The people in the boat hang on for dear life as their boat is thrust upwards at an angle that seems impossible. The water in the river explodes around them. These people are experiencing a truly once-in-a-lifetime moment as they descend down some of the most infamous rapids in the U.S. – the rapids of the Colorado River through the Grand Canyon.

Rich Pauloo, a graduate student in the Hydrology Graduate Group at UC Davis and whitewater enthusiast, set this scene Wednesday, March 1, in his lecture to the Ecogeomorphology class.

More than simply a thrill for rafters, rapids provide aeration to rivers and habitat for species, Pauloo explained. Rapids are geomorphological features, or physical features on the Earth’s surface. They form from the interaction of the rivers with the underlying geology of the river. Understanding how these rapids form is crucial to conservation of unique river habitat.

Rapids are the exciting part of the river, the segments between long flat stretches of river in which elevation drops rapidly, creating their iconic whitewater. As anybody who has ever been in one of the big inflatable boats cascading down a river knows, when the elevation plummets, the velocity and turbulence increase. Not only does this make the river exciting for rafters, but rapids are important to creating healthy river ecology.

Rapids allow for oxygenation of the river environment, keeping waters healthy and breathable for the fish and other animals that call the river home. Rapids are also a major tourist draw, and thus understanding how they form and function is crucial to protecting these vital habitats and exciting riverine features.

In most rivers, rapids form as river bedrock of different hardness erodes at different rates. Soft bedrock erodes more quickly than the hard bedrock, and so when the underlying geology transitions from hard to soft drops in elevation often form. However, not all rapids are created equal.

As Pauloo detailed, rapids in the Colorado River as it flows through the Grand Canyon are unique among rapids. Instead of forming simply from differences in the erodibility of river bedrock, “rapids in the Grand Canyon are formed by debris flow from side canyon tributaries,” Pauloo said. The main tributaries dumping rapid-forming debris into the Grand Canyon are the Paria, the Kabab, and the Little Colorado River. Of these, the Little Colorado is most important.

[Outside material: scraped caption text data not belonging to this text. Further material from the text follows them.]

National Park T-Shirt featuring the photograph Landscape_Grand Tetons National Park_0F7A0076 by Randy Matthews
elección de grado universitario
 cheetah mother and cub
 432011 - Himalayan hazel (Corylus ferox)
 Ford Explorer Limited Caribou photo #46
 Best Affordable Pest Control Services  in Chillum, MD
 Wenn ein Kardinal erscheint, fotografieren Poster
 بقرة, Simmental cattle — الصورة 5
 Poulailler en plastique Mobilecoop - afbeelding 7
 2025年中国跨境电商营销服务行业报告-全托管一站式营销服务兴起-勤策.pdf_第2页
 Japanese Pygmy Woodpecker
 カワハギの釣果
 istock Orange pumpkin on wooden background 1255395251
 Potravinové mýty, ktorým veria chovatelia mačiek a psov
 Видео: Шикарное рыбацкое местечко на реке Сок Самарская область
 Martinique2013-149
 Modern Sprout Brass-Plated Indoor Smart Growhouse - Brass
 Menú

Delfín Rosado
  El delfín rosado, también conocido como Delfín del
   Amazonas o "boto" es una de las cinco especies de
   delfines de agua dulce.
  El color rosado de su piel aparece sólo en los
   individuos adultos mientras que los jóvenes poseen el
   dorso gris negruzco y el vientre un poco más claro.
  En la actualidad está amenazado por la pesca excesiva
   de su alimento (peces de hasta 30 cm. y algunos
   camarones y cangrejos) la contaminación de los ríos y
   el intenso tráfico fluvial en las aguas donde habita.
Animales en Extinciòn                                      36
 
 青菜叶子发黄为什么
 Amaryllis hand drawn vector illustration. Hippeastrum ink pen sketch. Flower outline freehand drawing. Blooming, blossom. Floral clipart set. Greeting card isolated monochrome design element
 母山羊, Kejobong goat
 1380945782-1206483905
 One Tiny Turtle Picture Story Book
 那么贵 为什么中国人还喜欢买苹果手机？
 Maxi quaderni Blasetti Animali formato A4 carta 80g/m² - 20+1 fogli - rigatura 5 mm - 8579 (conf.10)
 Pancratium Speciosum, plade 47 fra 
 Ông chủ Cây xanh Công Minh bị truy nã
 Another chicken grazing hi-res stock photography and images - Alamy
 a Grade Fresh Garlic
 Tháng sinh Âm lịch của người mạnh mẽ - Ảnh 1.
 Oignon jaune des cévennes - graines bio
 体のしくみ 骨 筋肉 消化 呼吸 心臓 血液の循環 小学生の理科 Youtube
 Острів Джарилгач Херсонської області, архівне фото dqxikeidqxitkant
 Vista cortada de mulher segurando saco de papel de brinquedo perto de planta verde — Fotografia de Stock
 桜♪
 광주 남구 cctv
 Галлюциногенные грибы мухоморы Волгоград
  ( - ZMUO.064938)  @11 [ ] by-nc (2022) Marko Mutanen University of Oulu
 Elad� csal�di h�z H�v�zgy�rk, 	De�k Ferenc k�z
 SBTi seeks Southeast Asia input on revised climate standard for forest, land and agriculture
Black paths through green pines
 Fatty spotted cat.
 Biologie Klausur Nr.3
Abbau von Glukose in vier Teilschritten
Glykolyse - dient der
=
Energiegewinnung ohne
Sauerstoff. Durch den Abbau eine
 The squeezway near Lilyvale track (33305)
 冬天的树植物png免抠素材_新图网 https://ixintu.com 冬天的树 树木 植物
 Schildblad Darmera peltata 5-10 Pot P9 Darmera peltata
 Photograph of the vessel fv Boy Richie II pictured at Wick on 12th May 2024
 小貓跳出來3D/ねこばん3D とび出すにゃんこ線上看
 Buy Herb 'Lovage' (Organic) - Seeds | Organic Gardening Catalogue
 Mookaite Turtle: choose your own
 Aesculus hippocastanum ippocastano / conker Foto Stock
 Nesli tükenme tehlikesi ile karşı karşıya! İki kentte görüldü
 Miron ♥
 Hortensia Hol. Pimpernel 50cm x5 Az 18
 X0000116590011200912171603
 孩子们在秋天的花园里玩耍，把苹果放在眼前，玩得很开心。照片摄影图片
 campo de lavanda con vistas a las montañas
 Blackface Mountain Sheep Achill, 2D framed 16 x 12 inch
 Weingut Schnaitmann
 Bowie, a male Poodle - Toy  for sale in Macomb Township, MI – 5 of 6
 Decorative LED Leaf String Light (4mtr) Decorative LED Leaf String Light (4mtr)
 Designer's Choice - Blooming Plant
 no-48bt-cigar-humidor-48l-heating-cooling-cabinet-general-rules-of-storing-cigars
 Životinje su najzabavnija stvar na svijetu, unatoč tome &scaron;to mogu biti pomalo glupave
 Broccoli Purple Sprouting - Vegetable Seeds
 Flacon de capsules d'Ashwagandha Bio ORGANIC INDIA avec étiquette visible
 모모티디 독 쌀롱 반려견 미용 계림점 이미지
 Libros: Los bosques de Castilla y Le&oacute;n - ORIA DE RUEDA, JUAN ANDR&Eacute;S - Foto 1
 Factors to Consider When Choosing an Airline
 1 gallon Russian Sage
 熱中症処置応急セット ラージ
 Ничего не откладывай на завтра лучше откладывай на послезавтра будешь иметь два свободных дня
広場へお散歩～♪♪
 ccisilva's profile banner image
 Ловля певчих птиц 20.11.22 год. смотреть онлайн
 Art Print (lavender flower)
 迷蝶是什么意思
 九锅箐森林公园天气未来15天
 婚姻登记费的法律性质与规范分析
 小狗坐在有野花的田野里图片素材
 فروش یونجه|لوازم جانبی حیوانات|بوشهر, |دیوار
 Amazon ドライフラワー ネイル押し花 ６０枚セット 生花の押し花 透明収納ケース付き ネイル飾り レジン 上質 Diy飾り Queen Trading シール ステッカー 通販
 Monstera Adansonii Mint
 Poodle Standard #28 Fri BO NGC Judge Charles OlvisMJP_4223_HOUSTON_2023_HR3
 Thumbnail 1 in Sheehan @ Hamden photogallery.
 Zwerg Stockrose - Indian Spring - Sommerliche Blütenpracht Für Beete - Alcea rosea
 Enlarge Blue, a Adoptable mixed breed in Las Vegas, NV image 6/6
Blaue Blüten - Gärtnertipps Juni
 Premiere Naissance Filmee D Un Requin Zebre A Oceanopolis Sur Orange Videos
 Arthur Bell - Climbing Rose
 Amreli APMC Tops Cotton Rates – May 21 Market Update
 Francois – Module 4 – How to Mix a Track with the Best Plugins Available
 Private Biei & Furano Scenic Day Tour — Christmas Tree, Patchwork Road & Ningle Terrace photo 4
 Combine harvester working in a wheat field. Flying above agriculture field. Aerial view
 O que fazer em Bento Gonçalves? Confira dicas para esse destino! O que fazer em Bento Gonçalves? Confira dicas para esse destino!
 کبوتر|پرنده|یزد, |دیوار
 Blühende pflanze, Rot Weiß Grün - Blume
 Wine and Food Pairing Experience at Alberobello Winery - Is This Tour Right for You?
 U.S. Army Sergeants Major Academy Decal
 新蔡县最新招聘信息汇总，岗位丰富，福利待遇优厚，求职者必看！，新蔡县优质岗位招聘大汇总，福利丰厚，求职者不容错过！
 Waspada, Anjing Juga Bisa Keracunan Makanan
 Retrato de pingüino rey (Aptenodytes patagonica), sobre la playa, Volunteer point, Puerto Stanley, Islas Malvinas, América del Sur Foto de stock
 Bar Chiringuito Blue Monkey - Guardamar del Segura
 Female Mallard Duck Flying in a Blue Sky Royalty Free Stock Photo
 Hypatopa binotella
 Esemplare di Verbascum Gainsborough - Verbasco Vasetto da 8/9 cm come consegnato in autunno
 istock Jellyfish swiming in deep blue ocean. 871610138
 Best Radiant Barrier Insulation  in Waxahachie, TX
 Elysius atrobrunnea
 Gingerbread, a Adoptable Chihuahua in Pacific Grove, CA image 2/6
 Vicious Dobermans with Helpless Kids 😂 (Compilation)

According to Pauloo, “Side canyon tributaries that exhibit higher flow rates compared to the main Colorado river are responsible for mobilizing large debris flow into the main channel.” Because tributaries have narrower channels draining large areas of land, flows are fast and powerful. These intense flows pick up large rock debris and carry it onwards to the main channel of the Colorado.

Where does all of this debris come from? The debris that forms the infamous rapids of the Grand Canyon owes its origins to seismic activity in the region. When bedrock is split by a fault, new material is exposed to erosion by the river water. Rock is then carried downriver, and rapids ensue. As Pauloo explained, the debris deposits “constrict the channel and form rapids.” Instead of a change in elevation driving the increase in velocity, it is the narrowing of the channel by the influx of debris.

Rapids are dynamic features, and as such, human activity on the Colorado River has had a big impact. The most obvious human impact on rapids of the Grand Canyon is the Glen Canyon Dam – a massive structure erected between 1956 and 1966 that blocks some of the water of the Colorado River from entering the Grand Canyon.

By reducing water flows into the Canyon, differences in elevation become more pronounced. Robert Dolan, a noted geomorphologist who studied the Grand Canyon extensively from the 1960s through the ‘80s, studied the impact of the Glen Canyon Dam. In Dolan’s 1981 report on the Canyon, he expressed concern that the reduction in river flow caused by the dam would increase the gradient of the rapids to a point that the Canyon would become too dangerous to raft. Luckily, the river remains open for rafting.

Although Pauloo’s primary area of research is groundwater management, his passion for whitewater rafting and scientific curiosity drove him to learn more about the rapids of the Grand Canyon. Pauloo explained his investigation of rapid formation saying, “Rapids are exciting, and just like anything in the physical world, they originate in some way. I was curious to understand how they came to be.”